On the open market, the rial has lost 13 percent of its value this week.
President Ahmadi-nejad intervened Tuesday to say his government would do everything possible to prevent the currency from plunging further. He said this could be done by relying on Iran’s “huge reserves” of foreign currency. But he didn’t say why the government had not already done that if it really had “huge reserves.”
Confidence in the rial is rapidly disappearing, partly as a result of growing sanctions and the political pressures the Islamic Republic faces. Iranians have been increasingly buying gold and foreign currencies as a hedge against the collapse of the rial.

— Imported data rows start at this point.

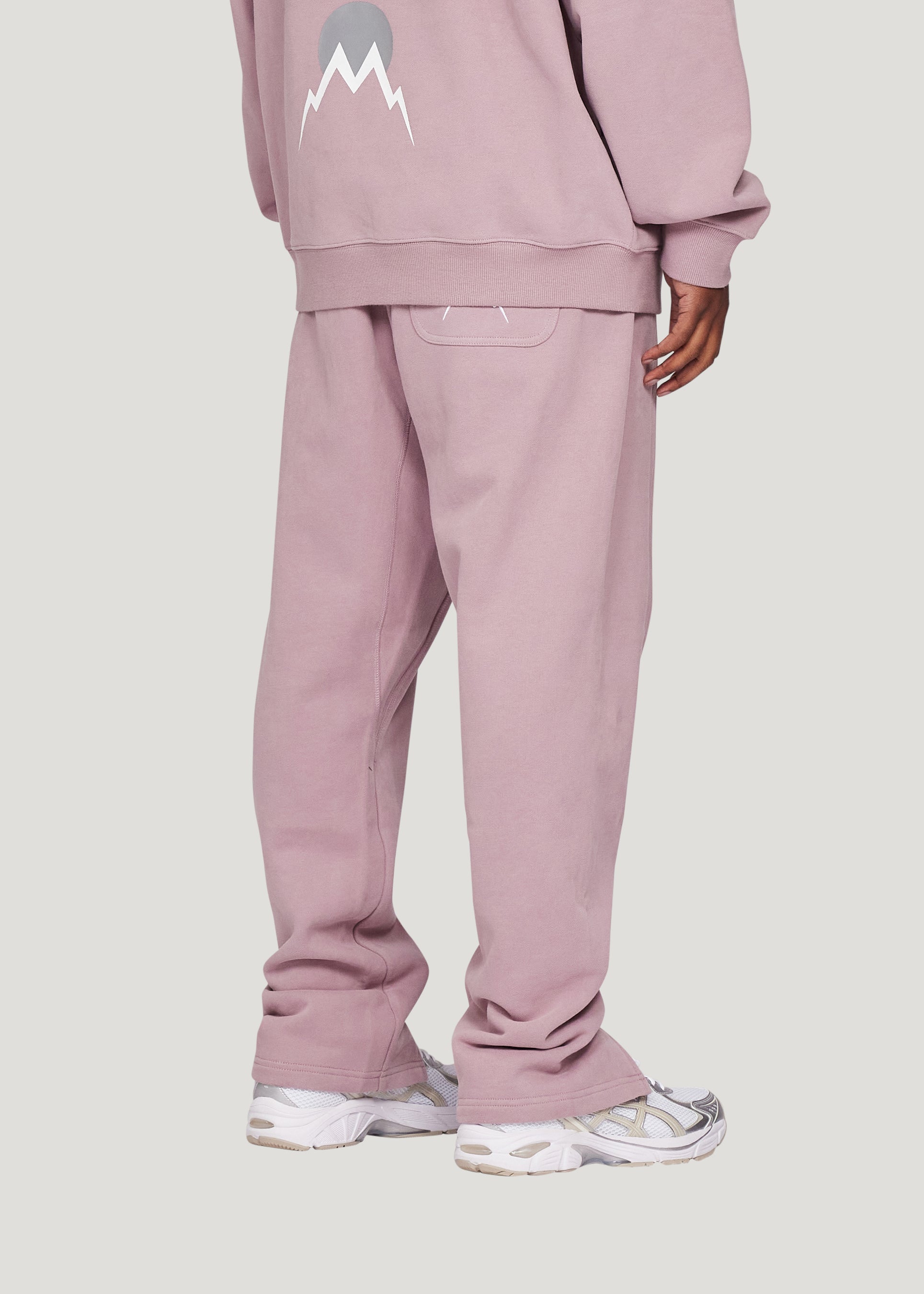 Split Seam Sweatpant (Dust Pink)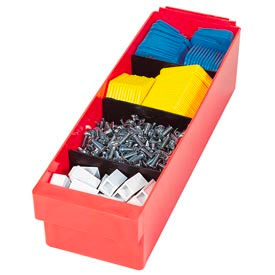 Patient Drawer Dividers DIV203, Black, 2"H x 1/4"W 5"D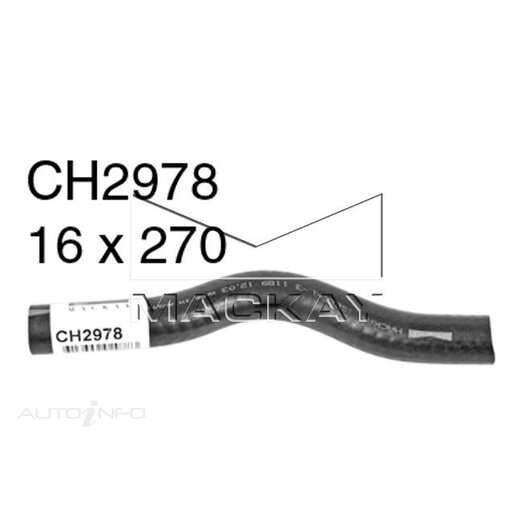 Mackay Heater Hose - CH2978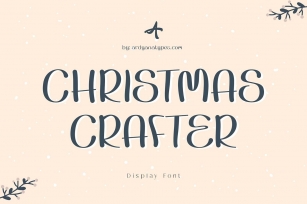 Christmas Crafter Font Download
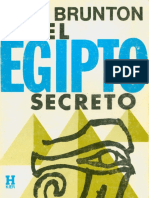 El Egipto Secreto, Paul Brunton PDF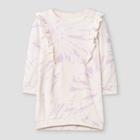 Grayson Mini Toddler Girls' Tie-dye French Terry Dress - Purple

Much of the rial’s decline, however, stems from the government’s own policies. President Ahmadi-nejad ordered bank interest rates pushed down below the rate of inflation. That means no one wants to put their savings in a bank in rials because the deposit is guaranteed to have less purchasing power when withdrawn. That policy has sharpened the move to other currencies and to gold.
On top of that, the government is said to be scrounging for funds anywhere it can find them to keep up the bi-monthly welfare payments to every citizen. The government has reportedly dunned the banks for cash to make the payments.
The regime has also restricted cash withdrawals and allows banks to sell no more than $2,000 a year in American currency each year to each citizen traveling abroad. That drives travelers to the money changers in the street and depresses the rial yet further on the free market. People in the street were asking why those limits were imposed if the government really did have “huge reserves” of foreign currency.
Agence France Presse (AFP) quoted an unnamed source as saying the Central Bank was not getting many dollars any more. The source said that, because of US financial restrictions, Iran’s main buyers of crude—China, Japan and South Korea—no longer pay cash but instead pay local currency into local bank accounts from which Iranian buyers draw funds for imports. That reduces the resources available to the Central Bank.
An Iranian banker told AFP the Central Bank was limiting dollar sales to businesses as well as to citizens traveling abroad.
Prices vary from money changer to money changer. The Fars news agency reported finding dollars on sale in the Bazaar for 15,150 rials on Tuesday. It said the currency had plummeted against the dollar by 1,750 rials in just the preceding three days, a drop of 13 percent.
At the Central Bank, the authorities were still trying to defend the rial and ignore the free market. The Central Bank sold dollars for 11,005 rials Tuesday. That is not the highest figure. In June, the bank caved into the free market and jumped the price of the dollar from 10,599 rials to above 11,700 rials for five days. The price then began to descend rapidly and was back below 11,000 in another week.
The free market price also crashed rapidly at that time. There has never been an explanation for the sudden spike and equally sudden retreat in June. But some suspect manipulation.
The daily Javan reported last month that Iran effectively has a four-tier currency system functioning in the country once again. That was something the Central Bank tried to stamp out a decade ago.
Javan said the four rates are for: currency sold to travelers; open market sales in the Bazaar and on the streets; the official reference rate of the Central Bank; and the rate at which banks sell to money changers.
In the 1960s, Iran had one of the most stable currencies in the world with the rial around 70 rials to the dollar. After oil prices surged in 1973, Iran began to feel serious inflation, a fact that contributed to the 1979 revolution. With the revolution, however, the bottom dropped out of the rial. It has been on a steady decline ever since with periodic sudden spurts. One of those spurts appears to have begun again.